* **Directions**:
Copy nothing but the lines below, from the one with "Dental FG 7406" through the one with "Light bulb hanging", exactly as written; no pictures should appear.

* **Data for processing**:
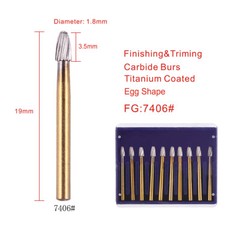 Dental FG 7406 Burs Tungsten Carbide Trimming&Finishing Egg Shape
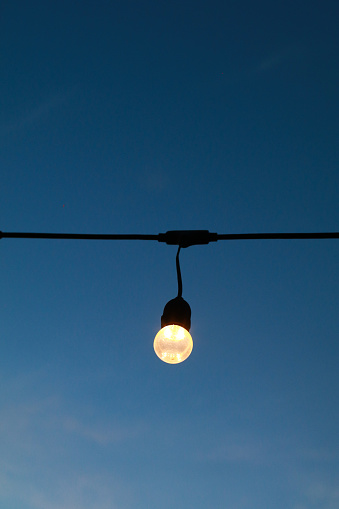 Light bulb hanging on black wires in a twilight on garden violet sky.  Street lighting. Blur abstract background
* * *
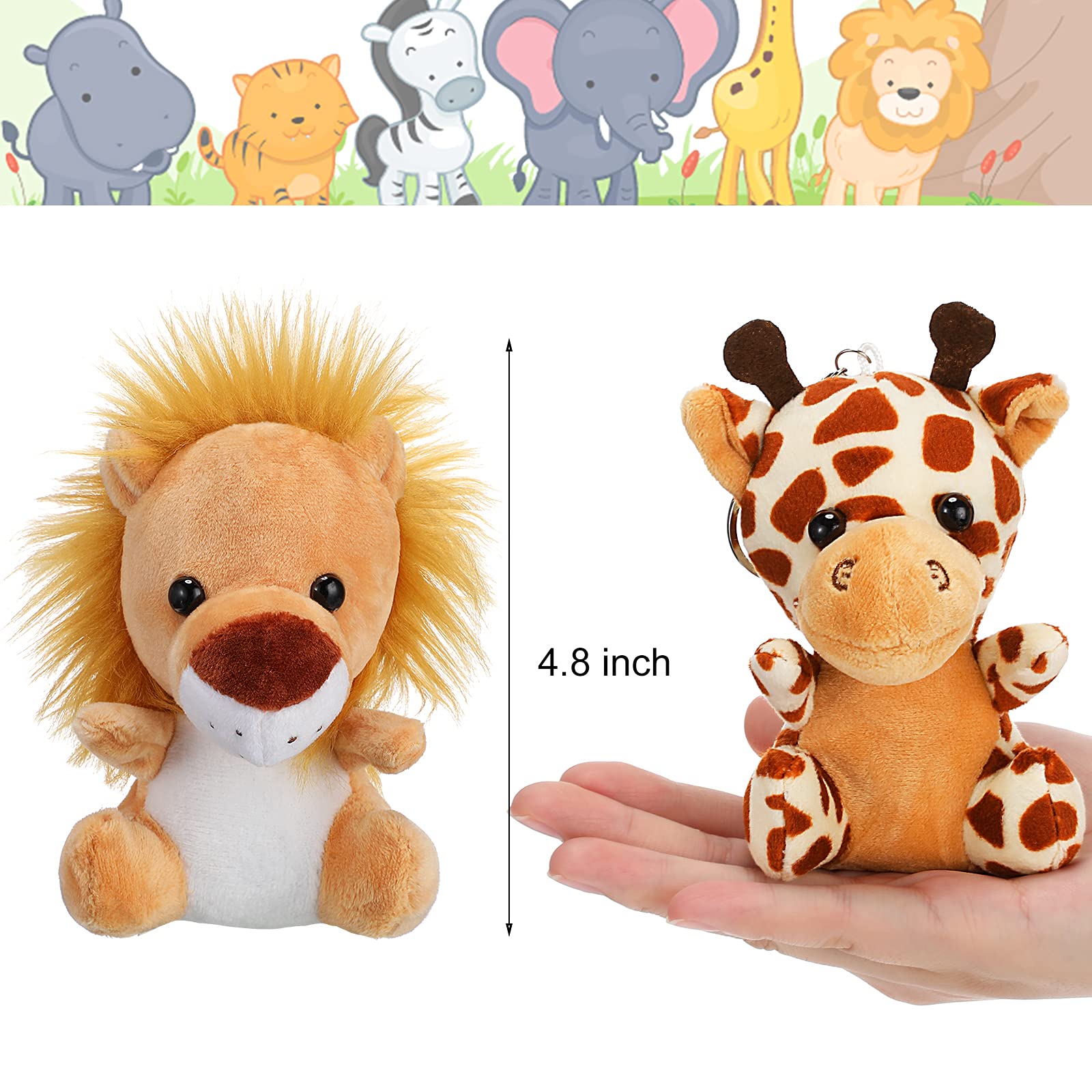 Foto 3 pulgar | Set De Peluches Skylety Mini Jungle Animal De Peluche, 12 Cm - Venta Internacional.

* **Answer to the problem**:
 Dental FG 7406 Burs Tungsten Carbide Trimming&Finishing Egg Shape
 Light bulb hanging on black wires in a twilight on garden violet sky.  Street lighting. Blur abstract background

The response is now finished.